YOUR GOAL:
Omit every picture. Return all other data as it stands.

SUPPLIED DATA:
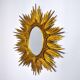 Large Mirror sun and gilded wooden spikes, early 20th century, 99cm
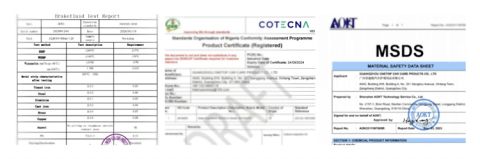 Certificate certificate from Guangzhou Hanhigh Auto Products Co., Ltd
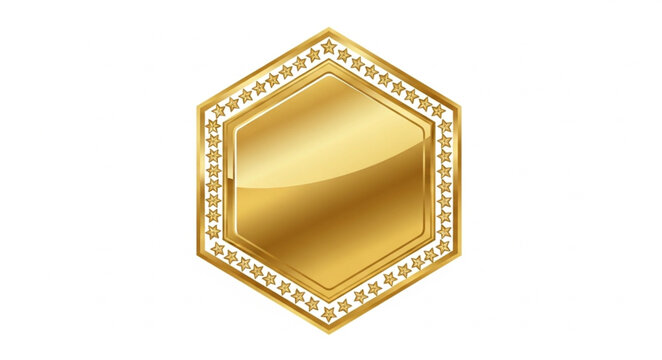 Gold Hexagon Jewelry Gemstone Diamond.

YOUR RESPONSE:
 Large Mirror sun and gilded wooden spikes, early 20th century, 99cm
 Certificate certificate from Guangzhou Hanhigh Auto Products Co., Ltd
 Gold Hexagon Jewelry Gemstone Diamond.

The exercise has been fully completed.